### What this task involves:
Below are records to transcribe in full and unchanged; omit every picture.

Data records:
···

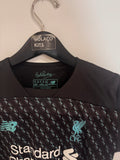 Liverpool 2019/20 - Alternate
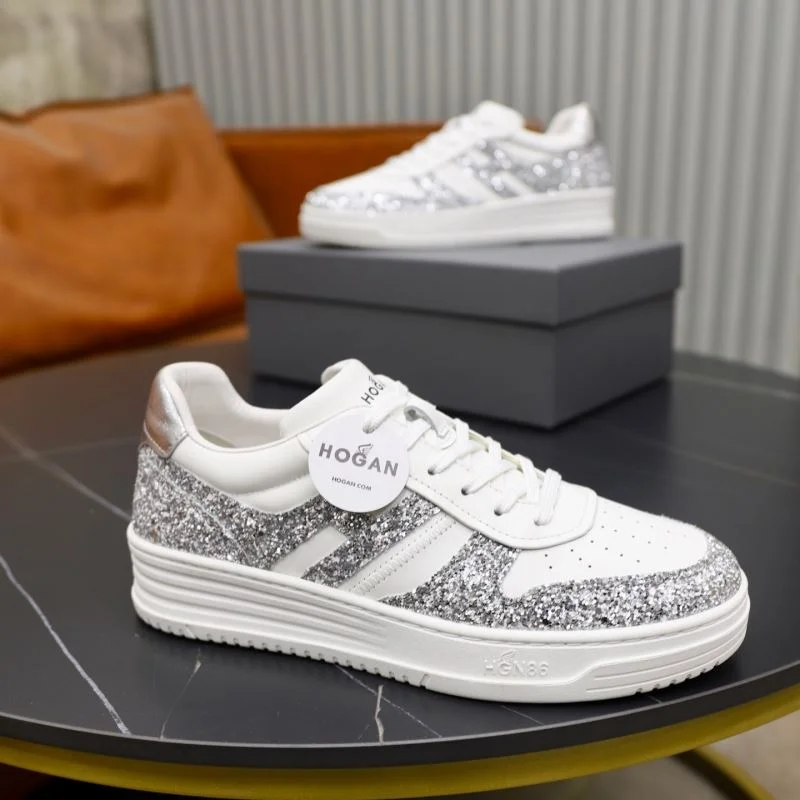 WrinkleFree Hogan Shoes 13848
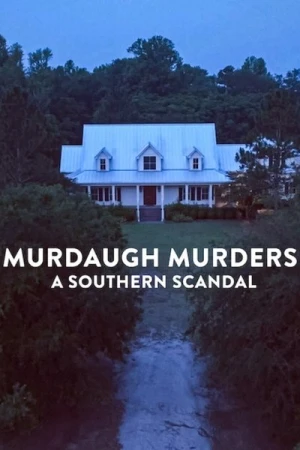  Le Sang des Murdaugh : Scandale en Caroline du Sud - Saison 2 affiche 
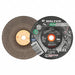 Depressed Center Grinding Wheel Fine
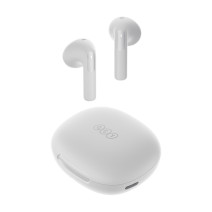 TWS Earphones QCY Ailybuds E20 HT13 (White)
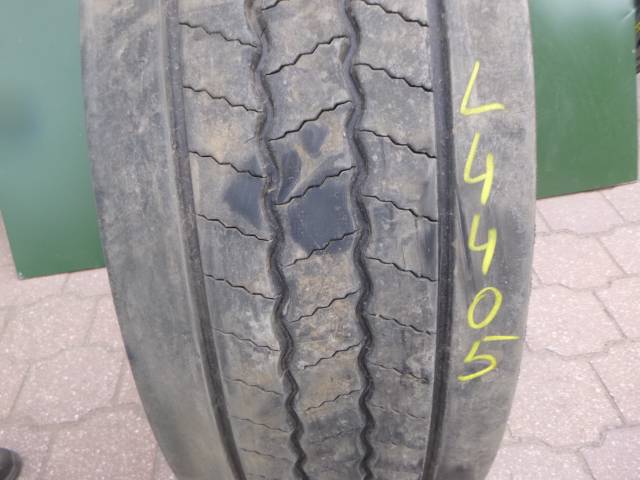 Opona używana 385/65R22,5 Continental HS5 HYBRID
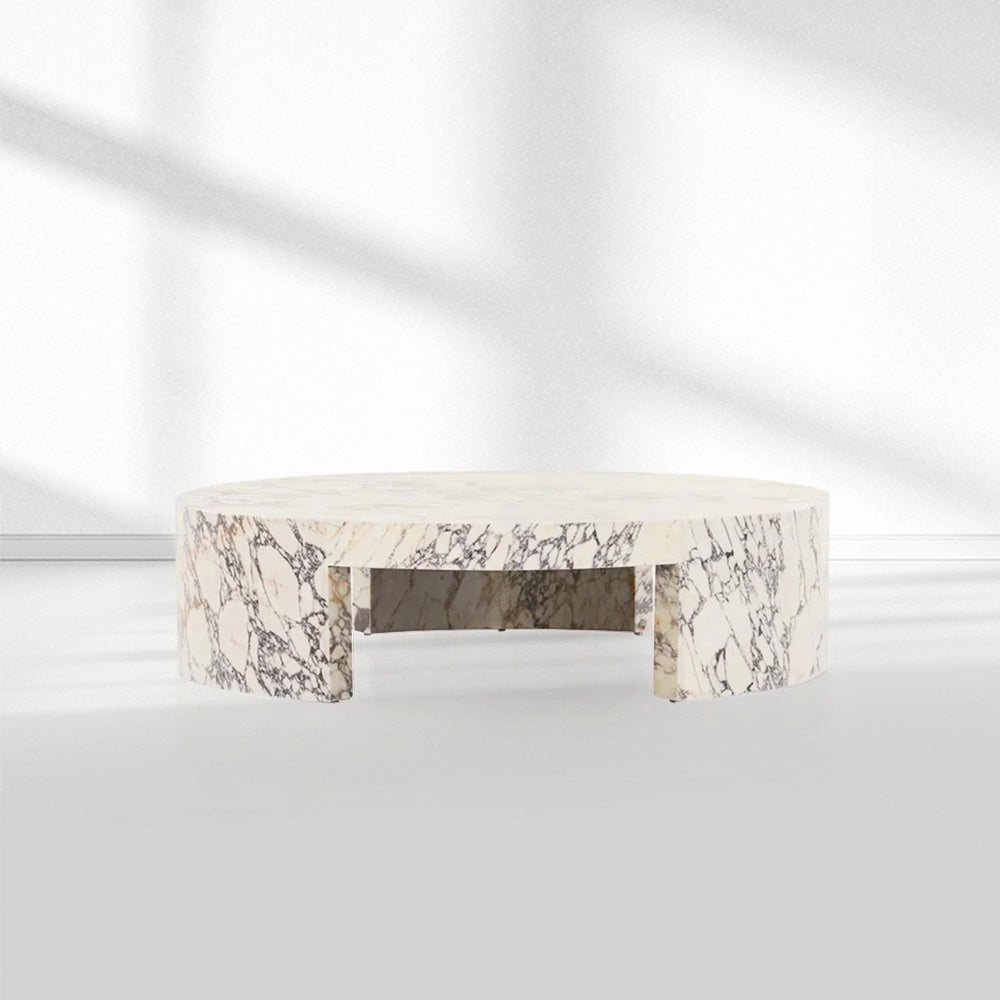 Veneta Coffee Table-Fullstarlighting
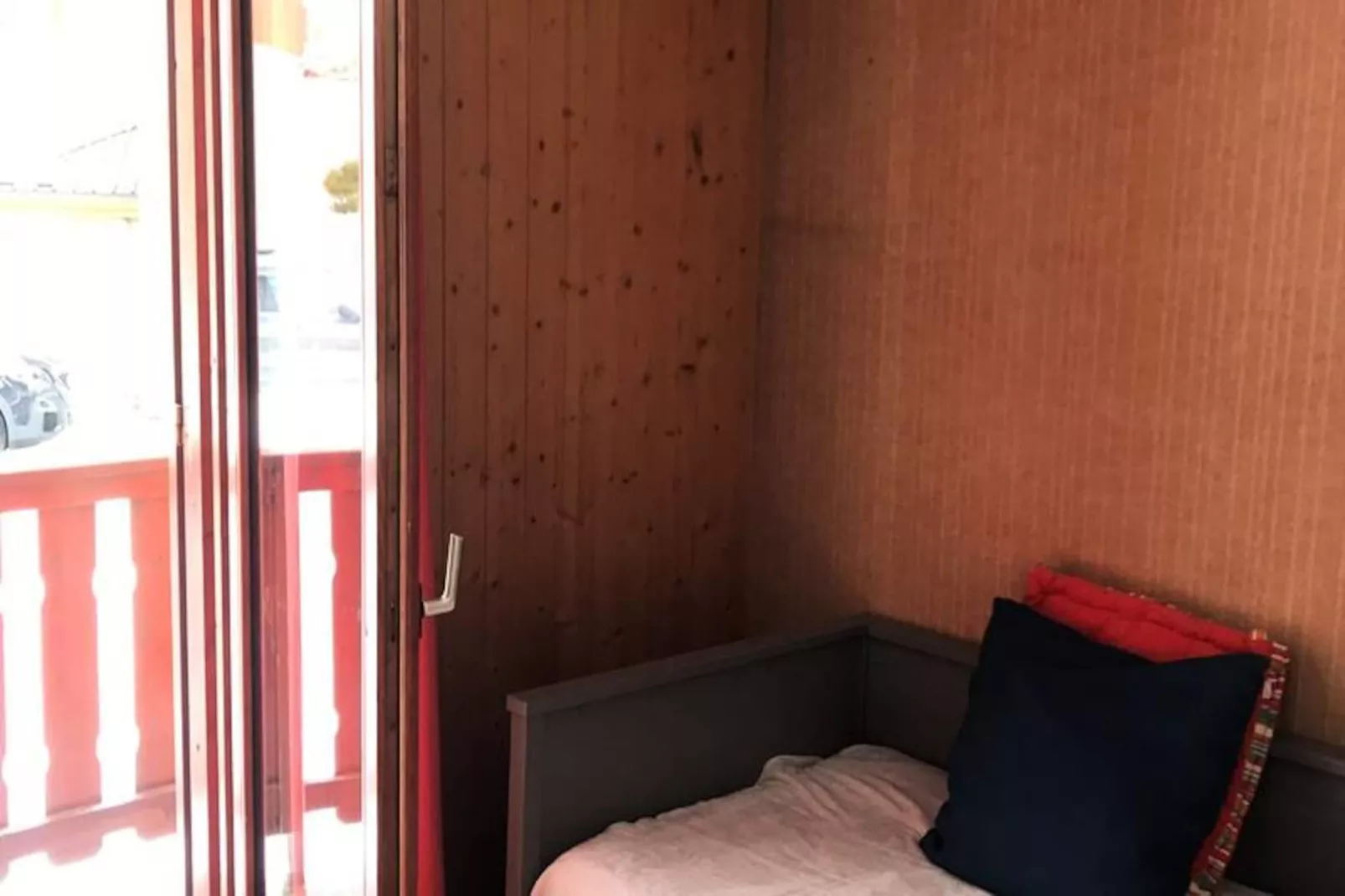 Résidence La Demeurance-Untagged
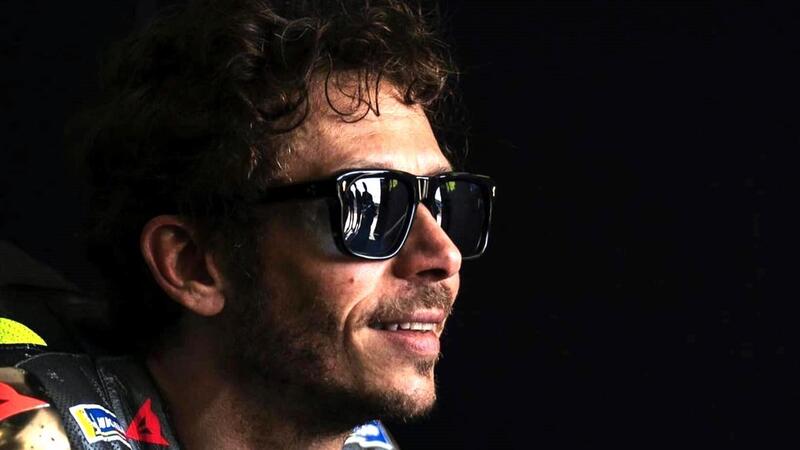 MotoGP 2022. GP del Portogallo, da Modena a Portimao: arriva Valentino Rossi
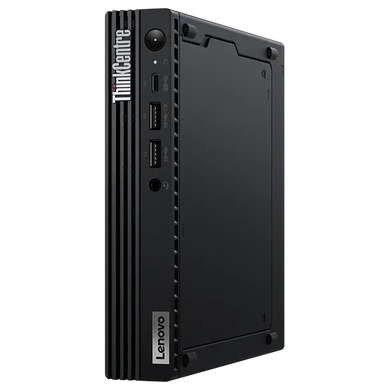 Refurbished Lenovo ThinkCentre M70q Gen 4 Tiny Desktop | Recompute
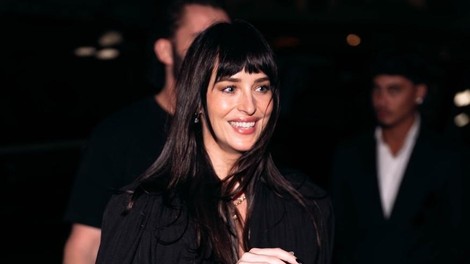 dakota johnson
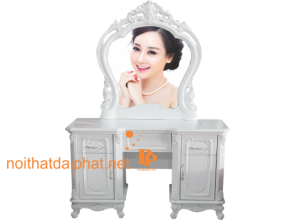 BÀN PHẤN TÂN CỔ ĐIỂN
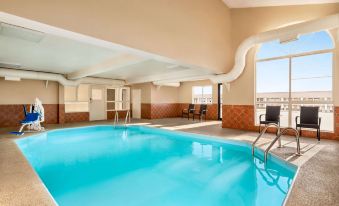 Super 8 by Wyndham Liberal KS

···

### Answer to this problem:
 Liverpool 2019/20 - Alternate
 WrinkleFree Hogan Shoes 13848
  Le Sang des Murdaugh : Scandale en Caroline du Sud - Saison 2 affiche 
 Depressed Center Grinding Wheel Fine
 TWS Earphones QCY Ailybuds E20 HT13 (White)
 Opona używana 385/65R22,5 Continental HS5 HYBRID
 Veneta Coffee Table-Fullstarlighting
 Résidence La Demeurance-Untagged
 MotoGP 2022. GP del Portogallo, da Modena a Portimao: arriva Valentino Rossi
 Refurbished Lenovo ThinkCentre M70q Gen 4 Tiny Desktop | Recompute
 dakota johnson
 BÀN PHẤN TÂN CỔ ĐIỂN
 Super 8 by Wyndham Liberal KS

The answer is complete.